Quelques jours à peine après son arrivée, l’animatrice affiche déjà des audiences solides et impose son ton. La journaliste a officiellement remplacé Sonia Mabrouk à la présentation de La Grande interview, rendez-vous politique phare de la chaîne d’information. L’ancienne figure de CNews et d’Europe 1 a, de son côté, annoncé son départ dans les colonnes du Figaro, confirmant qu’elle rejoindra BFMTV à la rentrée 2026 pour y animer une nouvelle émission politique.
Ce jeudi 19 février 2026, Laurence Ferrari recevait Bruno Retailleau, ancien ministre de l’Intérieur, pour une édition particulièrement suivie. Une transition rapide, mais déjà stratégique pour la chaîne, qui entend conserver sa place dominante dans le paysage des chaînes d’info.
Des audiences au rendez-vous

Côté chiffres, cette édition de La Grande interview a rassemblé 568 000 téléspectateurs, soit 16,4 % de part d’audience sur l’ensemble du public. Sur la cible stratégique des CSP+, le programme a atteint 24,6 %.
Ces performances permettent à CNews de se classer première chaîne d’information auprès du public global, des 25-49 ans et surtout des CSP+, où elle décroche également la première place au niveau national. Un signal fort pour la direction, qui mise sur la continuité et la solidité éditoriale malgré le départ de Sonia Mabrouk.
Bruno Retailleau hausse le ton
Sur le plateau, Bruno Retailleau n’a pas éludé les sujets sensibles. Interrogé sur l’affaire impliquant des collaborateurs du député LFI Raphaël Arnault, placés en garde à vue après les affrontements ayant conduit à la mort de Quentin Déranque, le ton s’est durci.
“Raphaël Arnault doit démissionner de l’Assemblée nationale. Je demande rarement les démissions. Je n’aime pas le faire. Mais là, ça franchit toutes les bornes”, a-t-il déclaré, visiblement déterminé. Une prise de position sans nuance, qui illustre la tension politique autour de ce dossier.

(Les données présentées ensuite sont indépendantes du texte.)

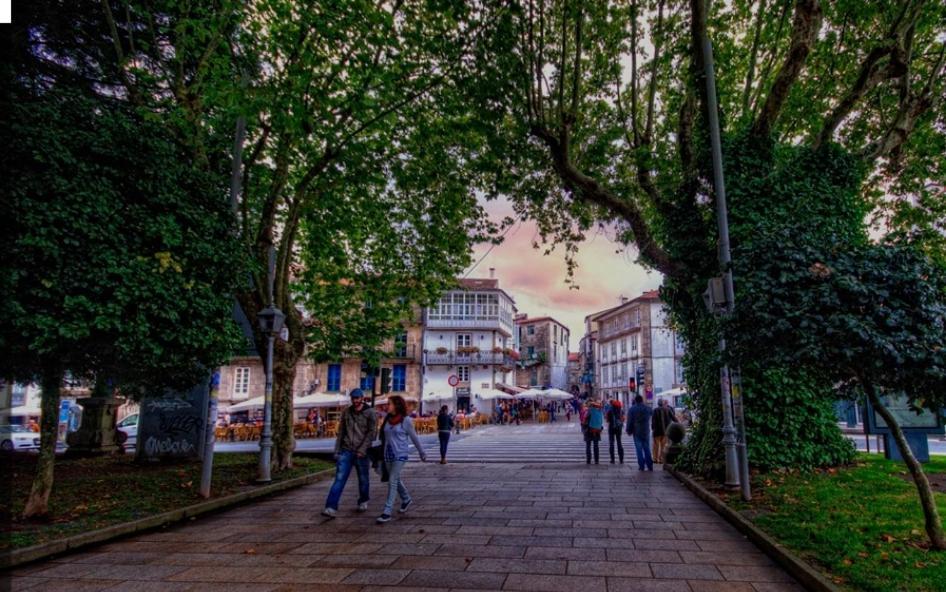 サンティアゴ・デ・コンポステーラ"Porta Faxeira"アパートメント 部屋 写真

“Deux poids, deux mesures”
L’ancien ministre de l’Intérieur a également dénoncé ce qu’il considère comme un traitement inégal de certaines affaires judiciaires concernant La France Insoumise. “Comme ministre de l’Intérieur, j’ai saisi la justice pour les dérapages de Madame Rima Hassan. Curieusement, je ne vois aucune plainte (…) Donc moi, j’en ai marre ! Ça suffit ! Il ne peut pas y avoir deux poids deux mesures dans notre pays”, a-t-il lancé.
Des propos offensifs qui ont rythmé l’entretien, confirmant que la nouvelle formule de La Grande interview s’inscrit dans la continuité d’un débat politique direct et sans détour.